U.K. Carmakers See Sales Rebound in 2022 as Chip Crunch Eases

(Bloomberg) — U.K. automakers expect sales to rebound this year as the semiconductor shortage eases and demand for battery-powered vehicles grows.

The Society of Motor Manufacturers and Traders estimates new-car registrations in Britain will climb 19% to 1.96 million in 2022. The group said it will update that forecast — formulated shortly before the emergence of the highly transmissible omicron coronavirus variant — again later this month.

“How good that growth is depends on the supply-chain issues being resolved,” Mike Hawes, SMMT’s chief executive officer, told reporters during a briefing. “We know that the demand is there, the technology is there, the new models are there.”

The global chip shortage hit the industry hard last year and halted vehicle manufacturing across several regions. Automakers from Vauxhall owner Stellantis NV to Mini maker BMW AG are hoping the bottleneck will gradually ease this year but have warned supply will remain tight in the first half.

While 2021 was supposed to represent a lasting recovery from the initial onslaught of the pandemic, U.K. vehicle registrations inched up just 1% to 1.65 million last year because of the persistent supply-chain snarls, according to preliminary SMMT data. That’s about 29% below pre-pandemic levels.

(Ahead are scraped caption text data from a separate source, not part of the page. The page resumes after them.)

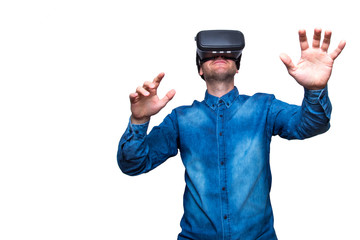 Man wearing virtual reality goggles. Studio shot, white background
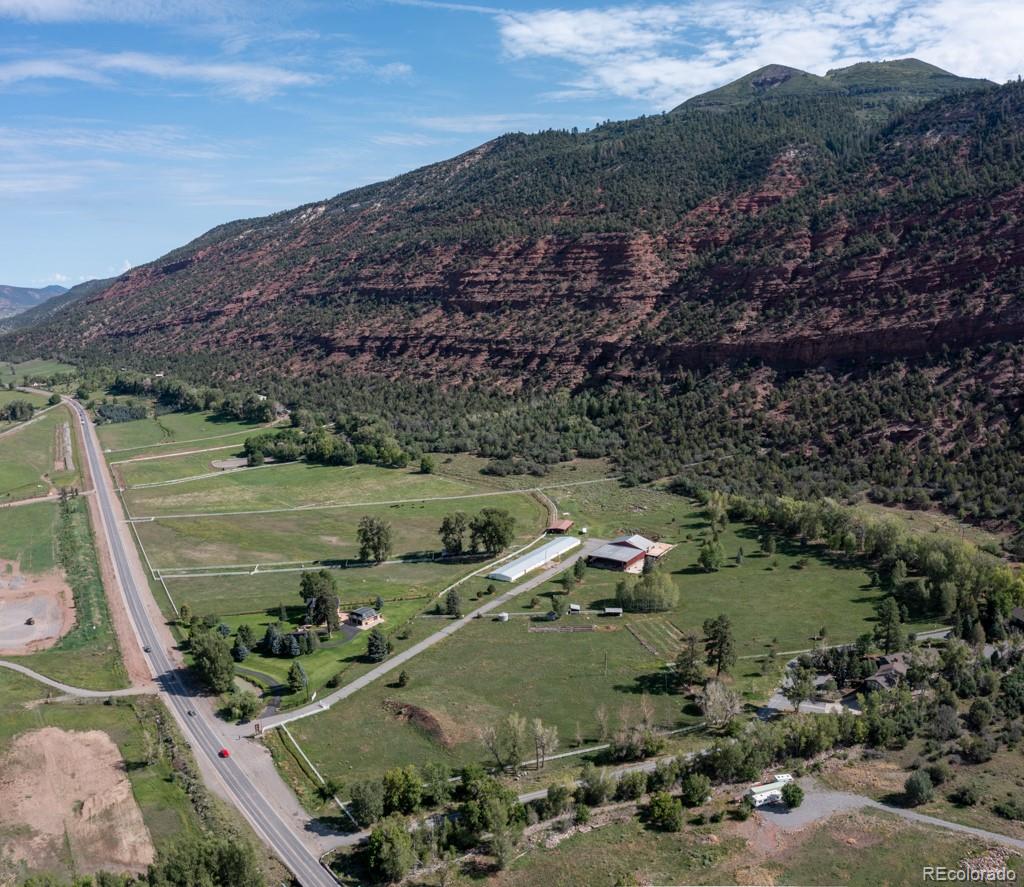 131 Citadel, Unit RESIDE Ridgway, CO 81432 - Photo 11 of 25 a view of a lake with a mountain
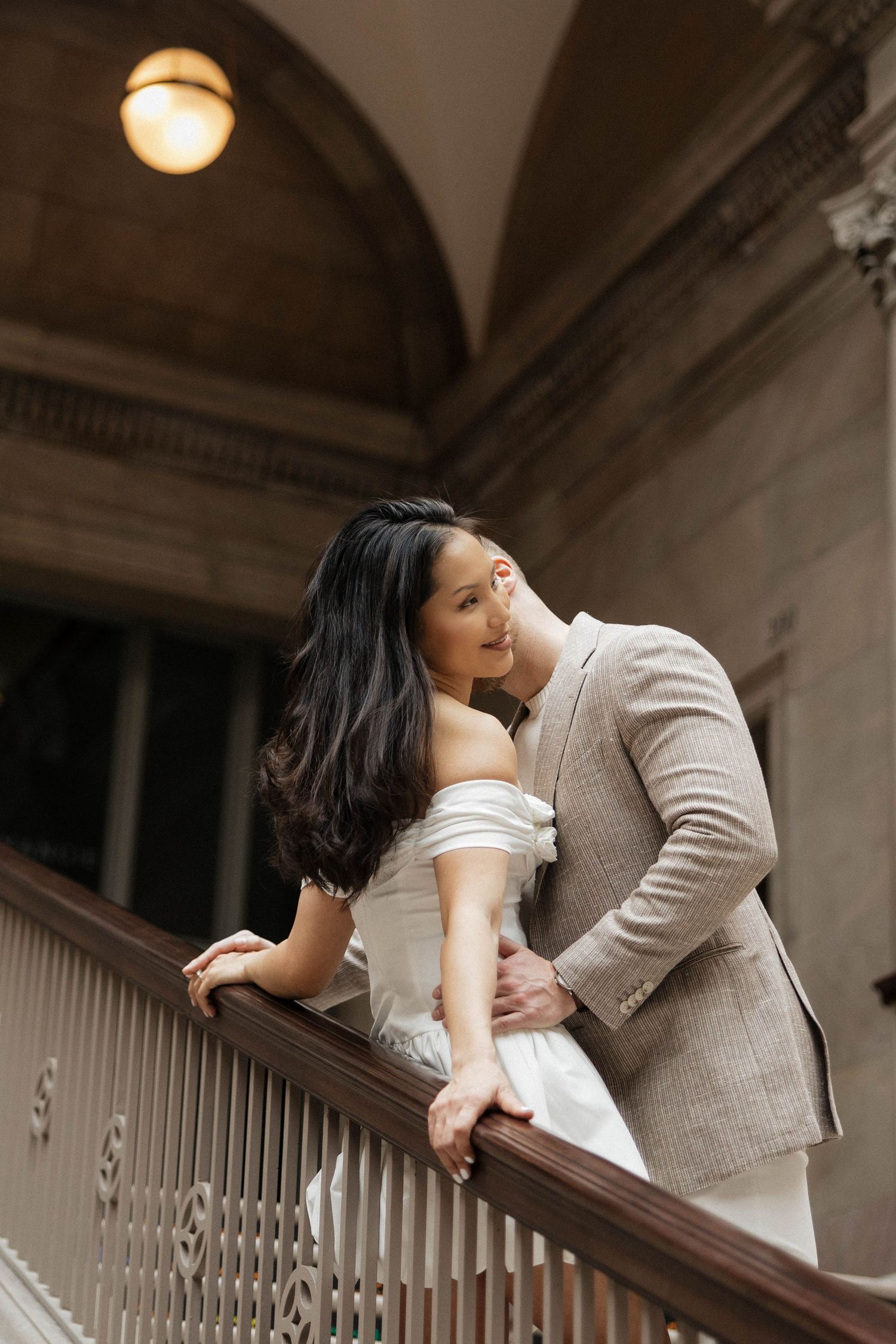 Couple in elegant wedding attire embracing on ornate staircase in classic architectural interior.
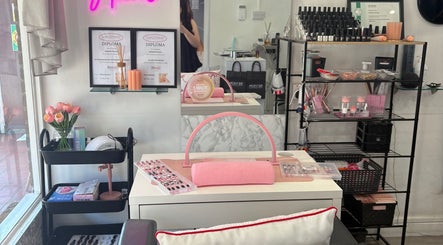 Nail salon interior at NailsByIzabelle, Arundel, England, GB showcasing elegant decor and professional setup.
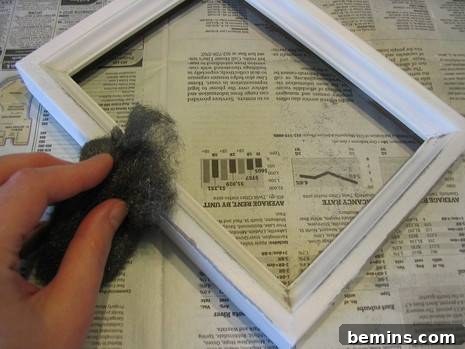 Vaseline Wood Distressing: A Simple DIY Guide 6 A hand cleaning a wooden frame with a material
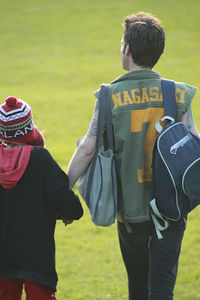Rear view of man with boy walking on field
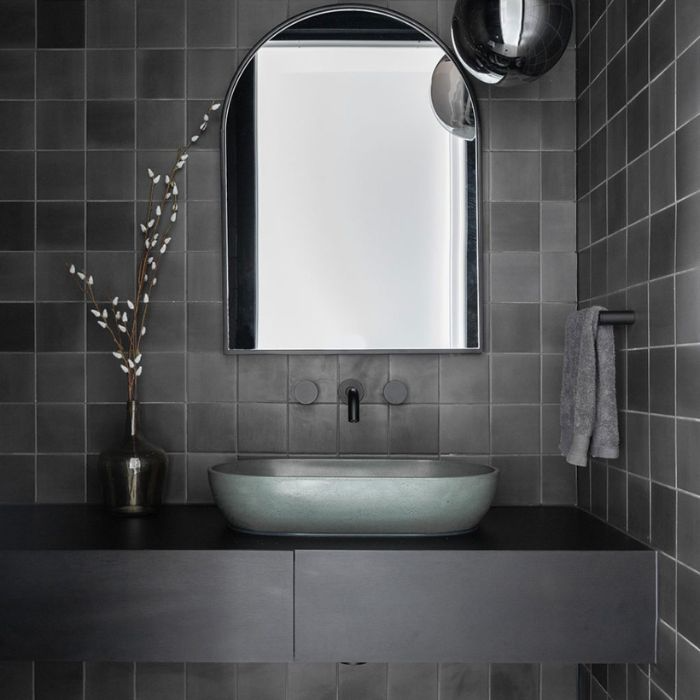 Modern bathroom interior featuring sleek black tiles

The figures in the U.K. are nevertheless better than those of several other European markets including Germany, where passenger-car registrations slumped 10% last year to the lowest level in more than three decades.

Electrified vehicles were a rare bright spot in the region and especially in Britain, where more battery-powered cars were registered in 2021 than in the five previous years combined. Still, Hawes called for greater state support to bolster the transition toward EVs after the government halved grants to the industry in the space of less than a year.